Berlin - Philipp Rösler schweigt. Öffentlich zumindest hat sich der FDP-Parteichef bislang nicht zum Bericht einer "Stern"-Reporterin geäußert, in der diese unangemessene Bemerkungen des FDP-Fraktionschefs Rainer Brüderle beklagte. Anfragen von Medien hat der 39-Jährige unkommentiert gelassen. Am Dienstag allerdings erklärte er im "Kölner Stadt-Anzeiger": "Die Vorwürfe gegen ihn sind durchsichtig und haltlos. Das ist eine Kampagne gegen die gesamte FDP."

Die FDP, ansonsten oft zerstritten, hat der Artikel des "Stern" zusammengeschweißt. Viele Führungspersonen bis hinauf zur Vize und Bundesjustizministerin Sabine Leutheusser-Schnarrenberger haben in den vergangenen Tagen, seit das Thema hochkochte und schließlich in eine allgemeine Debatte über Sexismus mündete, wahlweise die Illustrierte angegriffen oder die Reporterin Laura Himmelreich.

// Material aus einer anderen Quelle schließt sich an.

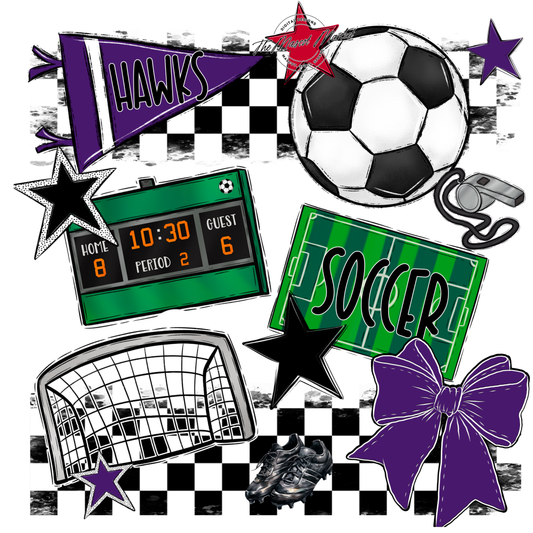 Hawks Checkers Soccer Spirit Design-Purple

Die FDP kann von Brüderle, der gerade erst von Rösler zum "Gesicht der FDP" und "Spitzenmann" erklärt wurde und im Bundestagswahlkampf auf Stimmenfang gehen soll, auch gar nicht abrücken. Sie muss ihn stützen, sie will die Aufschreiwelle, gedruckt, gesendet oder im Internet, über sich ergehen lassen.

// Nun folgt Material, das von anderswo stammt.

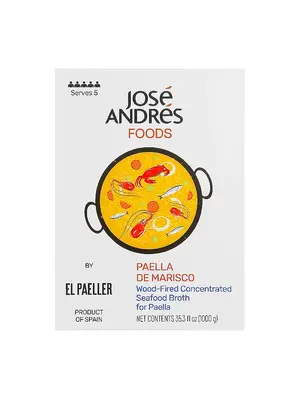 Jose Andres "Paella De Marisco" Wood-Fired concentrated Seafood Broth 35.3oz Can, Spain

Erfahrungen damit hat die Partei zur Genüge: War nicht erst kürzlich Rösler vollends abgeschrieben worden, bis ihn die Niedersachsenwahl mit fast zehn Prozent rettete und ihn ermunterte, die interne Konfrontation mit Brüderle zu suchen? Am Wochenende, beim Neujahrsempfang der FDP in Nordrhein-Westfalen, wurde Brüderle mit großem Applaus bedacht und der frühere Parteichef Guido Westerwelle stellte fest, für den Mann an der Spitze gebe es beim politischen Konkurrenten "und in einigen Redaktionsstuben kein Pardon mehr". Westerwelle mag da auch an seine eigene politische Vita gedacht haben, in der er selbst oft und wiederholt härtesten Angriffen ausgesetzt war.

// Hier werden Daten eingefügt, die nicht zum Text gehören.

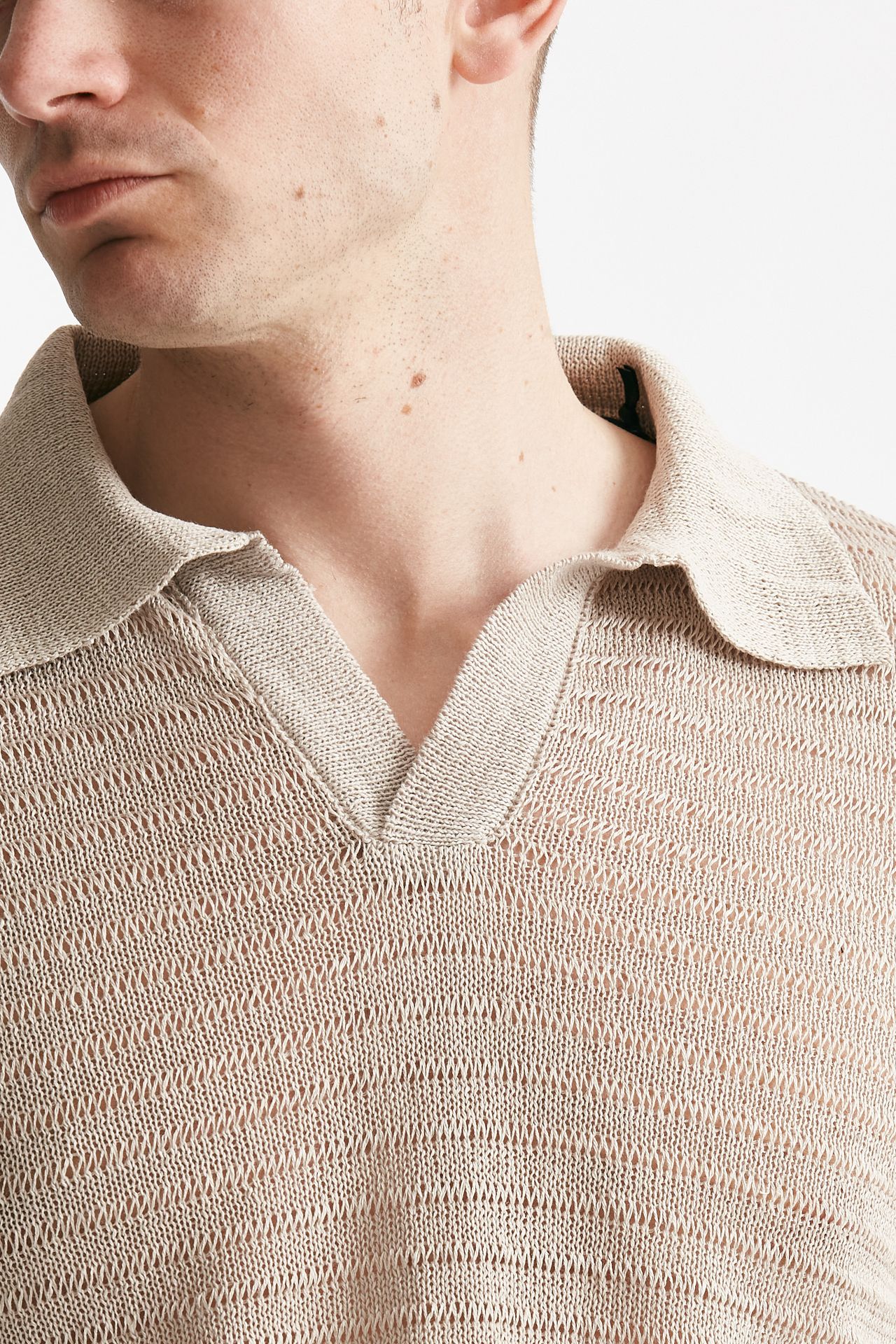 polo in maglia lino poliammide tortora men Marsēm - 5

Brüderle und Rösler haben vereinbart, von der Parteispitze her die Debatte um den Artikel nicht durch weitere Äußerungen zu beleben. Entwicklungsminister Dirk Niebel erklärte am Montag im Präsidium, dass er ein bereits vereinbartes Interview mit der Reporterin diese Woche abgesagt habe. Brüderle wiederum sagte im Präsidium, er werde die Sache nicht kommentieren. Dem folgt die Führung, einhellig, wie Generalsekretär Patrick Döring betonte: "Wir unterstützen ihn darin."

In der FDP haben sie das Dilemma erkannt

Auch wenn die Partei zu ihrem Spitzenkandidaten steht, die Liberalen haben dennoch das Problem, dass die Sexismus-Debatte künftig wohl nicht mehr ohne die Nennung Brüderles geführt wird - unabhängig davon, ob die Vorhaltungen der Reporterin stimmen. Dass die Geschichte nicht eindimensional ist, zeigte am Montag ein Foto, das in "Bild" und "Focus" veröffentlicht wurde und vom 10. Januar dieses Jahres stammt, auf dem die Reporterin neben Brüderle läuft und ihn anlächelt. Für Liberale ist das Bild eine Bestätigung dafür, dass die Reporterin den Vorfall an einer Hotelbar, der ein Jahr zurücklag, nur benutzt hat, um ihrer Geschichte über Brüderle eine entsprechende Richtung zu geben. Döring, nach der Präsidiumssitzung darauf angesprochen, wie er das Bild bewerte, kommentierte es so: "Mein Einfühlungsvermögen reicht nicht aus, um das zu beantworten."

Das Problem dabei: Die Debatte ist weiter, dreht sich nunmehr um die Frage, wie Männer mit Frauen umgehen, vorzugsweise am Arbeitsplatz. In der FDP haben sie das Dilemma durchaus erkannt. Döring selbst stellte fest, er rate allen, die Debatte "weit weg vom Ereignis zu führen". Konkret heißt das wohl: Die FDP soll, wenn sie sich auf die Sexismus-Debatte schon einlassen muss, den Namen Brüderle möglichst nicht nennen. Das dürfte ein schwieriges Unterfangen sein.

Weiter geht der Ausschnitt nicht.